The following guidelines should give you a good starting point to base those tests around:

• Two key considerations are the number of RIPs to use, and the number of threads to allocate to each RIP. As a general rule, if you're using multiple RIPs on a server, the optimal thread count per RIP will be relatively low (that is, in the range of 1 to 4).
• The number of RIPs should be around the number of physical cores available minus one (for the OS), divided by the selected thread count per RIP. If your CPU(s) support Intel® Hyper-Threading Technology, this number can be increased by maybe 5-20%; it should not be doubled because the impact of memory bandwidth and cache flushing is significant in that context.
• The memory allocated per RIP should be somewhere around (PhysicalRAM-1GB)/RIPCount , where the 1GB set aside is for the operating system. As a guide, most of our OEM partners allocate between 3 and 16GB RAM per RIP, depending on job complexity and the dimensions of each piece of output in device pixels. It may be easiest to start by defining RIP count as (PhysicalRAM - 1GB)/5GB , and then calculating threads per RIP as floor((PhysicalCores-1)/RIPCount) .
• If you're running a single RIP and there are no other processes on the same CPU that are processing significant volumes of data, we have found that setting MaxBandMemory at (or just below) the lesser of the size of the Level 2 cache on the CPU(s) and (the size of the Level 3 cache, divided by the number of RIPs running on each CPU) produces optimal results. If you're running multiple RIPs on the same CPU, or there are other processes (for example, post-processing rasters from the RIP) on that CPU we see performance continuing to rise even with significantly larger values of MaxBandMemory, because the CPU caches are constantly being flushed anyway. Band sizes should be set using MaxBandMemory (not by BandHeight) so that band memory and height are set appropriately for a range of different page sizes. You may still set BandHeight to a negative number if it is important to ensure that the number of lines per band is an integer multiple of some value that is specified in your system.

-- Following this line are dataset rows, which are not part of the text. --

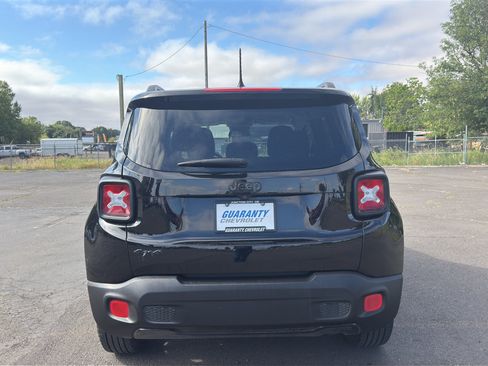 Used 2017 Jeep Renegade Altitude AWD/4WD image 24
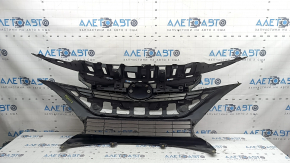 Grila radiatorului pentru un Toyota Prius 50 Prime 17-19 fără senzori de parcare este crăpată, ciobită, iar suportul este spart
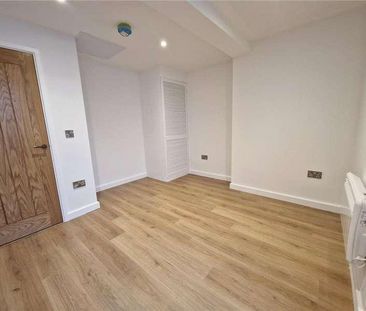 Tealing Drive, Epsom, Surrey, KT19 - Photo 4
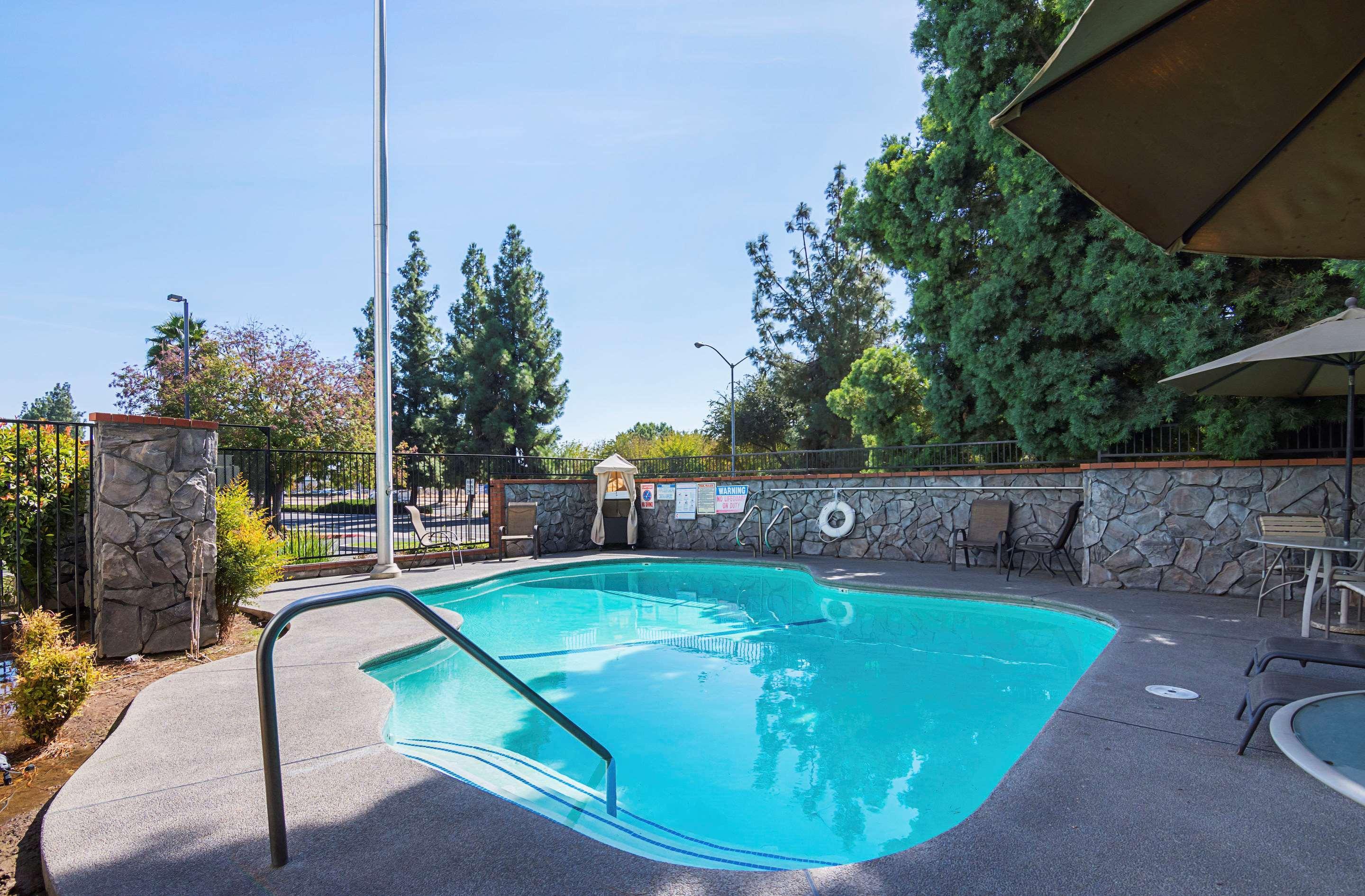 Quality Inn Fresno Yosemite Airport Exterior photo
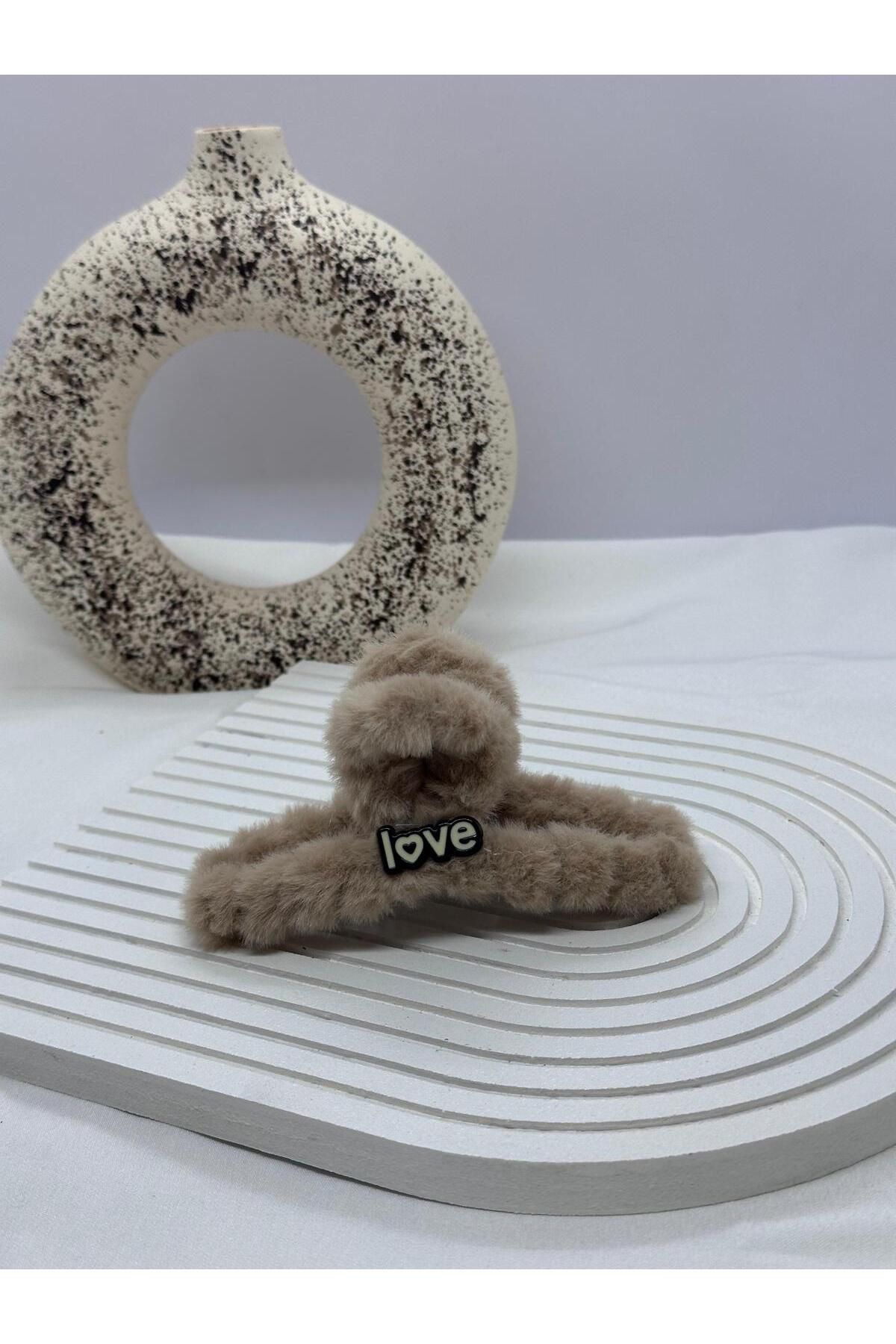 KUMRU BİJUTERİ PELUŞLU MANDAL TOKA LOVE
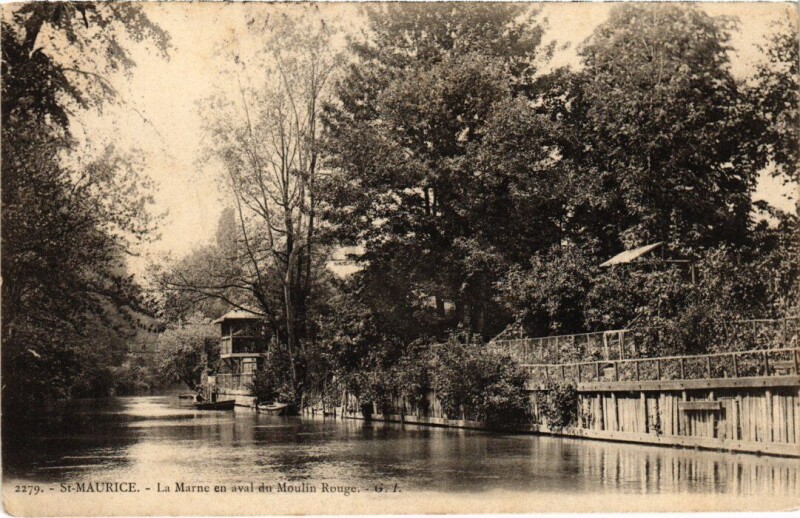 Carte postale ancienne St Maurice La Marne en aval du Moulin Rouge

These guidelines should allow a first pass selection of RIP and thread counts, based on the installed RAM and core counts … or provide a starting point for planning hardware selection if you have a target RIP count in mind. Try to perform the same set of tests on multiple different configurations scattered around this starting point so that you can select the best result.

NOTE:   All of these recommendations assume that there is no significant additional processing on the same server as the Harlequin Core. If there are other processes (including those associated with the raster backend in the RIP) which take significant CPU cycles, or which use significant amounts of RAM, then the preceding recommendations must be adjusted accordingly.